We began talking about emptiness on Monday. We all know someplace inside that feels hollow, like something is missing. It feels like a place where we are cut off. We don't know what we are cut off from but there is nagging sense that this hole, at the very center of our being, must be filled. Mostly we don't get close to the actual emptiness, the nothingness. We experience all kinds of reactions. There may be intense agitation, addictive filling ( spending, shopping, eating, drinking, using drugs, gambling, over working...). Of we withdraw from the possibility of being disappointed, giving up and sinking into despair or a lazy collapse. Netflix is the perfect companion into the couch! Or we may engage in endless social activity fearing being lonely. Or we simply keep ourselves constantly busy. Or we our bodies freeze up in fear.
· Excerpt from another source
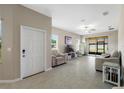 Inviting living room with neutral colors, tiled floors, and sliding door access to the backyard at 13475 Crest Lake Dr, Hudson, FL 34669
What is your favorite way to reaction to the hole of emptiness.
The tragedy is that this nothingness, this place of cutoff-- where we unconsciously, by necessity, and through the normal and healthy development of ego,-- is actually the doorway to our divine nature, our presence. What you may discover as you befriend this emptiness, as you bring your practice of presence to it, that this empty hole, this disconnection is simply a kind of empty spaciousness, an opening, that allows what is deeper and truer to arise. If we are caught up in all the reactions we believe that this emptiness is a kind of annihilation, an intolerable meaningless, a place of terror and we never actually let ourselves land in the nothing to discover that it is simply an opening, a portal.
Years ago I was in the Southern Hemisphere and Christmas was in the height of summer. Of course Santa on slays in blazing heat was all wrong. But more importantly there was so little darkness. My soul could not find the tug to go inward. Back then I did not understand what this pull was but at some intuitive level I could feel that some kind of deep dark gravity was missing.